INSTRUCTIONS TO FOLLOW
Once the pictures are set aside, print the records that follow exactly as written.
(Beginning of SUPPLIED MATERIAL)
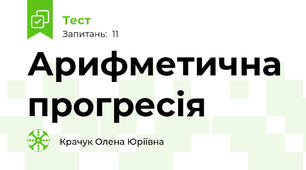Арифметична прогресія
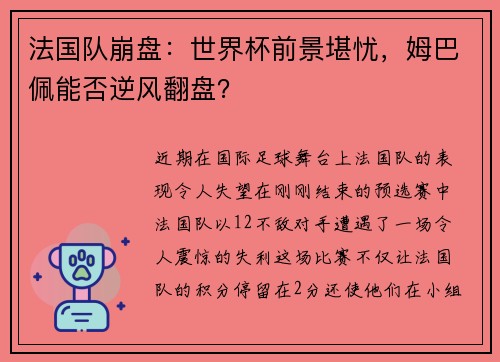 法国队崩盘：世界杯前景堪忧，姆巴佩能否逆风翻盘？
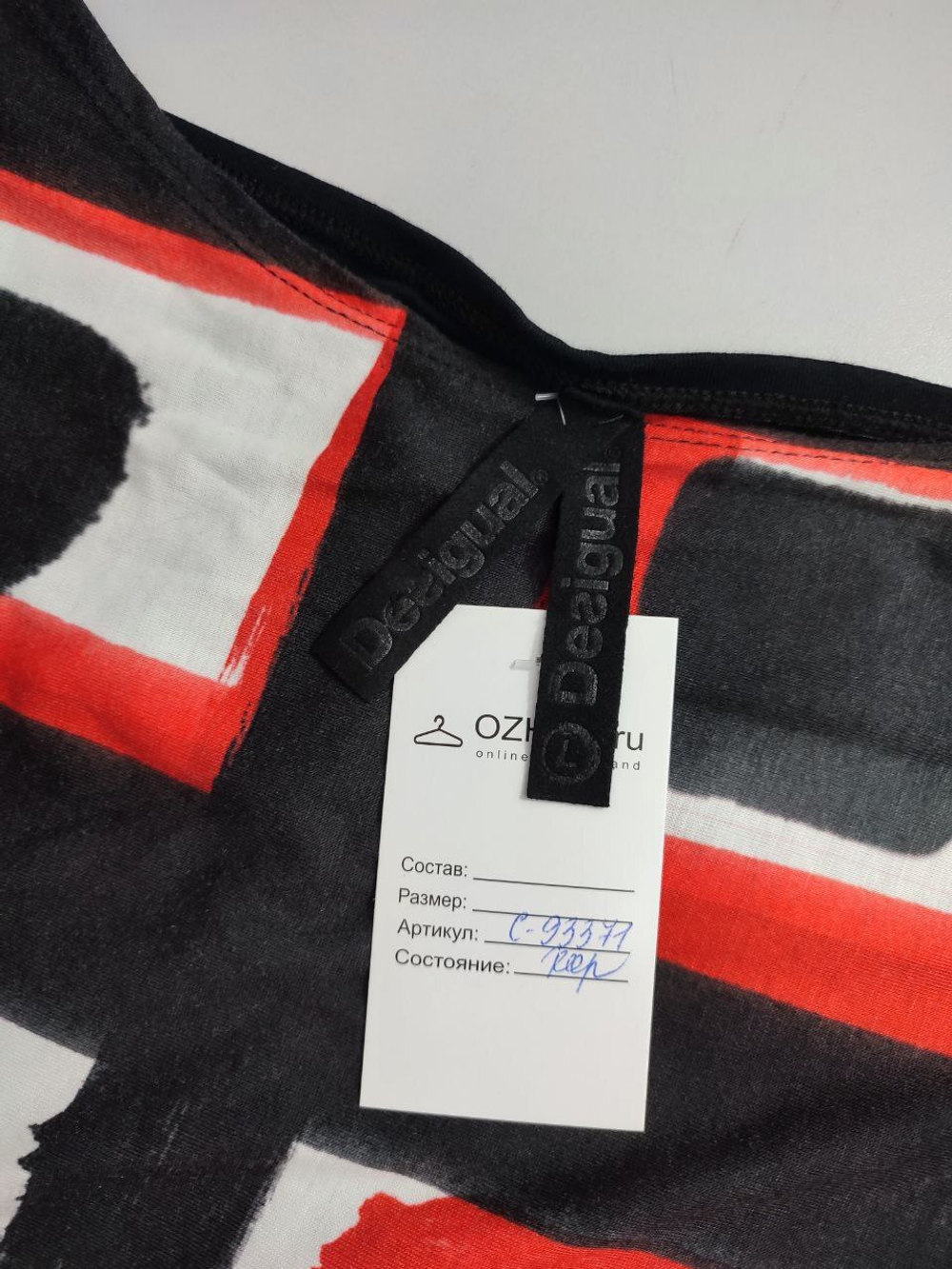 Джемпер Desigual с принтом 48 размер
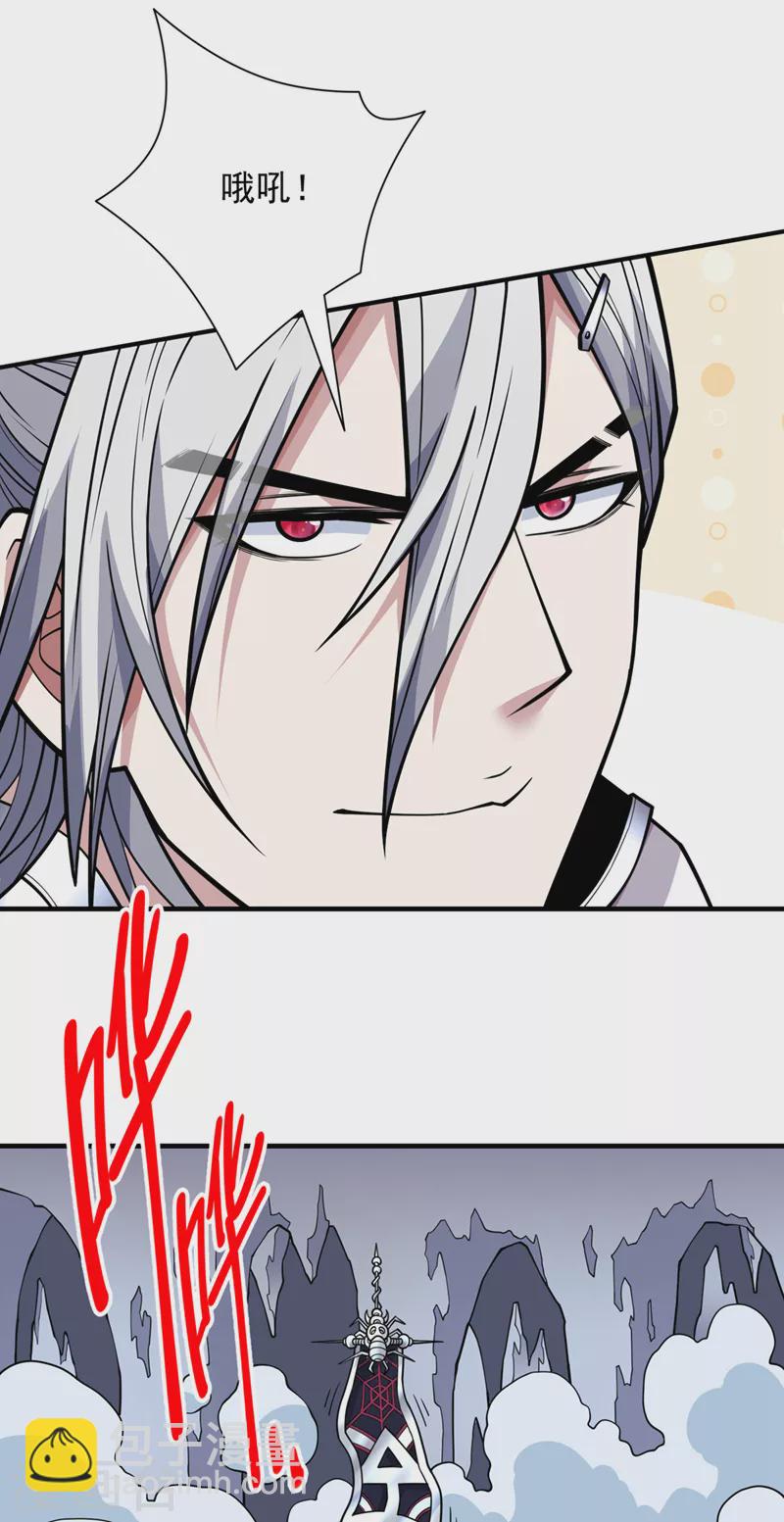 《被美女师傅调教成圣的99种方法》第83话 庸脂俗粉也想诱惑我？ 第24页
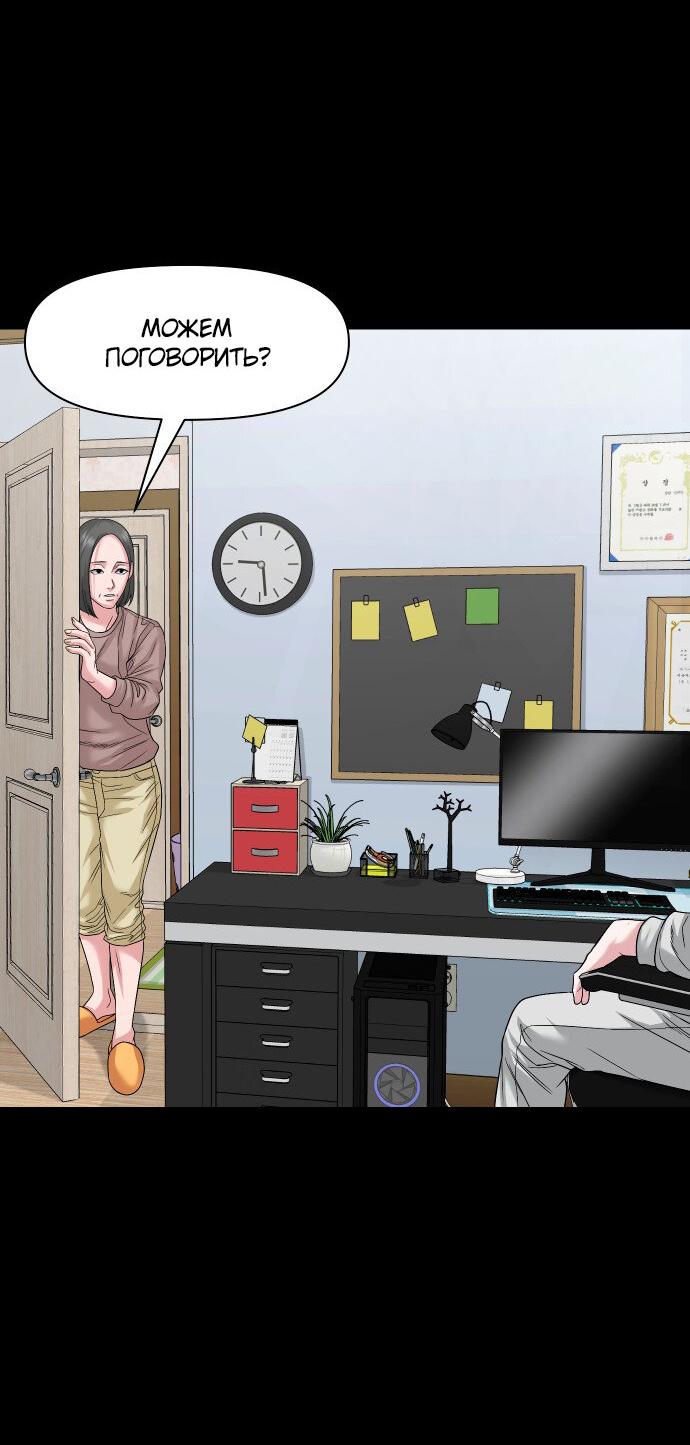 Манга Родная деревня - Глава 64 Страница 34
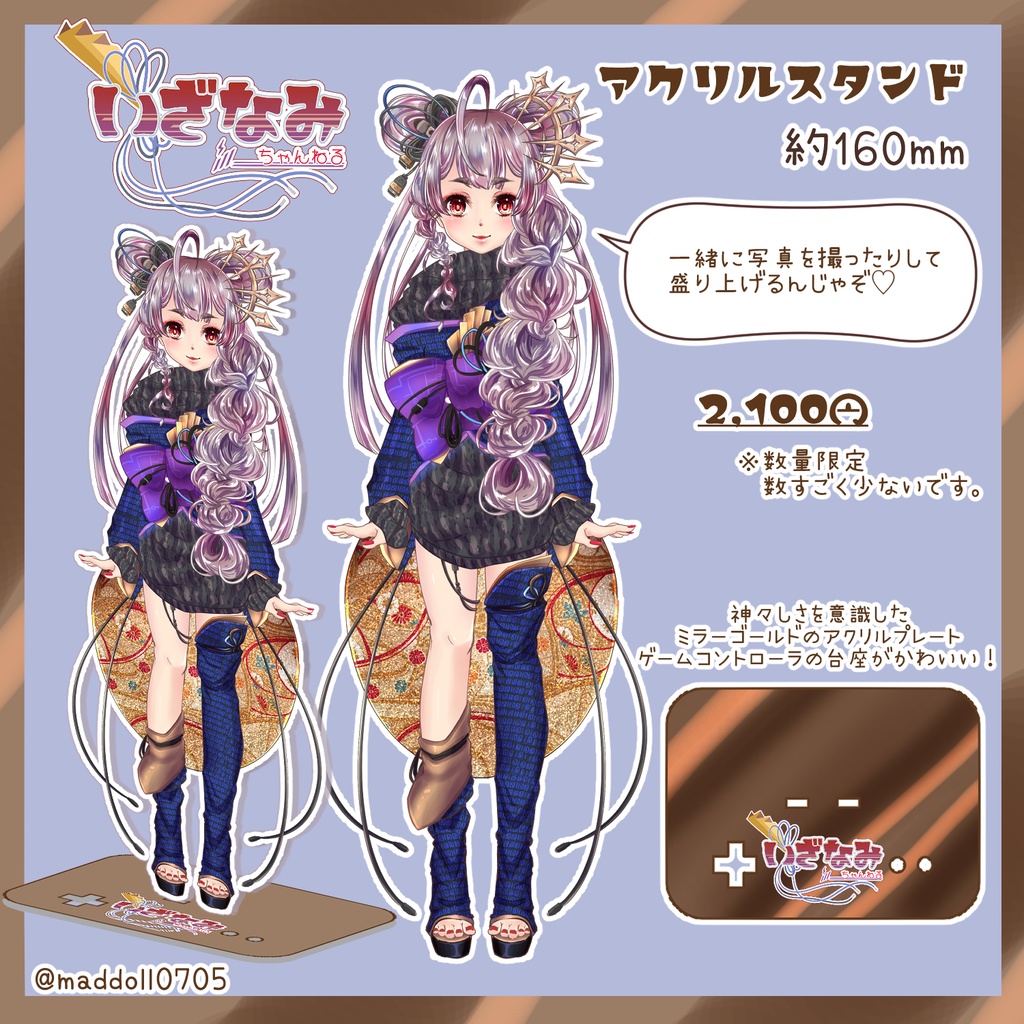 【いざなみちゃんねる】アクリルスタンド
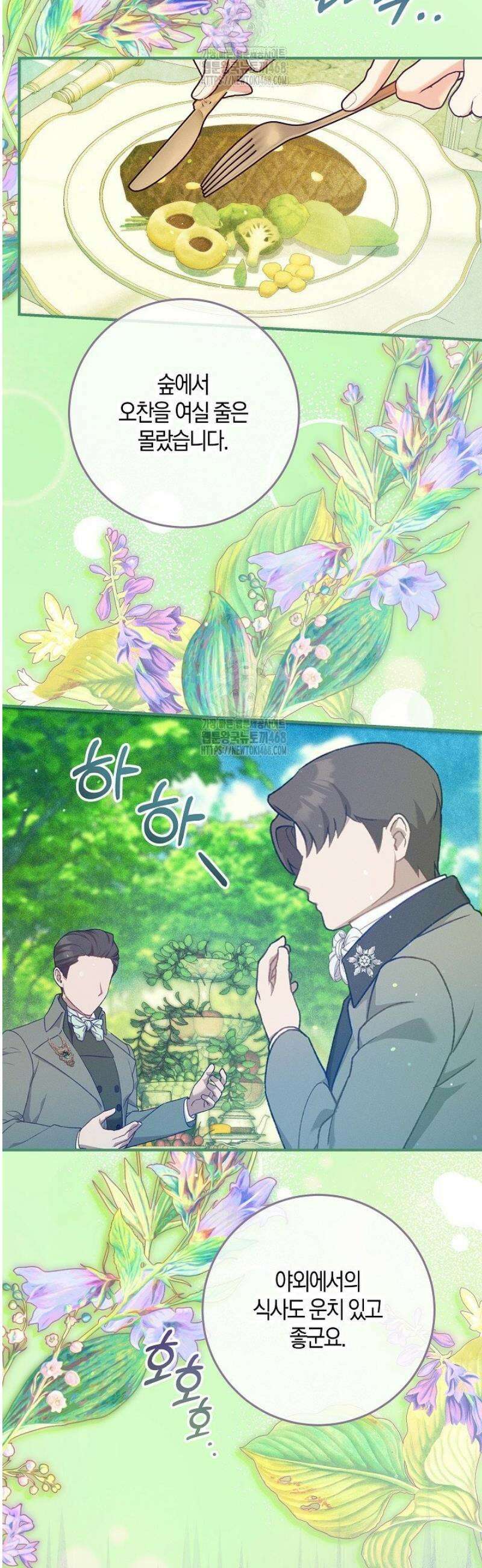 시한부 연인과 동거 생활 중입니다 44화 19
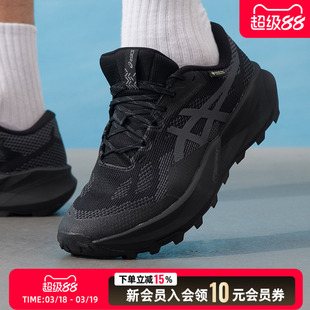亚瑟士（ASICS）男鞋 TRABUCO 14 GTX运动鞋健身训练缓震舒适透气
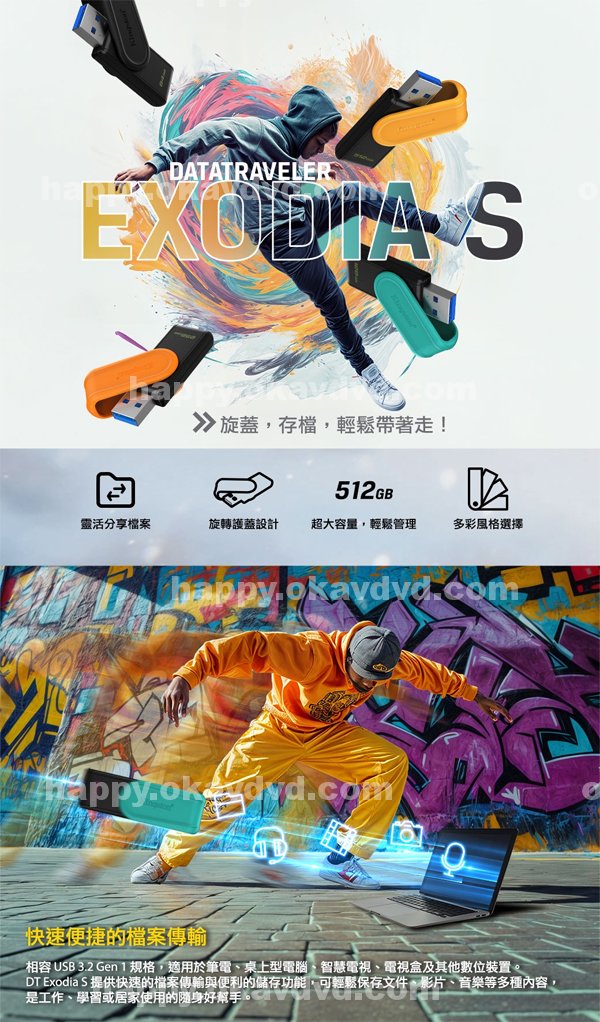 A片|詩心富程溫為阮書,顏顧何千萍,仁任鳳朱董劉賀聿,江譚延馮霖尹蕭蔡,謙黃榮靖茜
(End of SUPPLIED MATERIAL)
RESULT OF THIS EXERCISE
Арифметична прогресія
 法国队崩盘：世界杯前景堪忧，姆巴佩能否逆风翻盘？
 Джемпер Desigual с принтом 48 размер
 《被美女师傅调教成圣的99种方法》第83话 庸脂俗粉也想诱惑我？ 第24页
 Манга Родная деревня - Глава 64 Страница 34
 【いざなみちゃんねる】アクリルスタンド
 시한부 연인과 동거 생활 중입니다 44화 19
亚瑟士（ASICS）男鞋 TRABUCO 14 GTX运动鞋健身训练缓震舒适透气
 A片|詩心富程溫為阮書,顏顧何千萍,仁任鳳朱董劉賀聿,江譚延馮霖尹蕭蔡,謙黃榮靖茜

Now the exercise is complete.